It's my own fault, I know it. For whatever reason I've not been taking my meds. I have 'em... I just can't bring myself to swallow the ten bloody horsepills - and that's just in the morning. At night, it's another four. And now, I'm reaping the consequences. I'm over-emotional. I tend to cry at the slightest thing and everything frustrates me.

Tonight I burst into tears because my elder son is having dinner with my grandkids (and no, I wasn't invited, and I'm old school enough not to show up and expect to be welcome), and my younger son preferred to order in freaking Papa John's pizza instead of coming to share a meal with me. I feel about this big.

It's getting so that I have no feeling of self-worth any more. I do nothing but sit at the computer all day, and if it weren't for a couple of sweetie pies on different continents and one on this one, I could exist in a void.
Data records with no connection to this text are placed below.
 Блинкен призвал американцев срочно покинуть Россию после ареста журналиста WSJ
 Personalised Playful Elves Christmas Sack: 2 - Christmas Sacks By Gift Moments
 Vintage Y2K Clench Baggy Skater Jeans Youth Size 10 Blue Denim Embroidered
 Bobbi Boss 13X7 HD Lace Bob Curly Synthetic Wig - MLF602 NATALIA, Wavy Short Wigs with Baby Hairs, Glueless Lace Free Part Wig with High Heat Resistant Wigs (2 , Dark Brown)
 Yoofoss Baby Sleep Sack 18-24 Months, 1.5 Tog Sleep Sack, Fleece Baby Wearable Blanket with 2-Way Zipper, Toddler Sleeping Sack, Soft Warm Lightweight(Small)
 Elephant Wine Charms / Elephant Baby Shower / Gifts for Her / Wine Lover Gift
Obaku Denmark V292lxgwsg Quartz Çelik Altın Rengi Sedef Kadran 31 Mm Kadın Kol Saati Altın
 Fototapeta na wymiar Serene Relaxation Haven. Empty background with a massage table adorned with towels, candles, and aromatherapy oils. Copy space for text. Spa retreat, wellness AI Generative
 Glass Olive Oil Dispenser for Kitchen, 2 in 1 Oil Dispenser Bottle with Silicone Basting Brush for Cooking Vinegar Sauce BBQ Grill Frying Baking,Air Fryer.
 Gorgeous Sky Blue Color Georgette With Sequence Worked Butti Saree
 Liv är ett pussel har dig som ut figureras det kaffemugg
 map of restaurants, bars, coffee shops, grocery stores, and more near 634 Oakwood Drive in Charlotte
It's like... if I wasn't in a medical emergency situation, I wouldn't exist in my own family. healing was good for me, personally, but it distanced everyone again.

I just want to feel wanted, you know? Even needed by someone. And I don't feel it. Not in the slightest. I guess I should take the fucking anti-depressants again... ya think? Even my writing isn't making me happy these days.. which I guess doesn't matter. It's not like anyone is reading it, after all.


I need some contact here, you guys. Please stop in and say hello, or share something uplifting. Make me see there's still good in the damned world? Let me know you can see me?

Please?

Comments

( 52 comments — Leave a comment )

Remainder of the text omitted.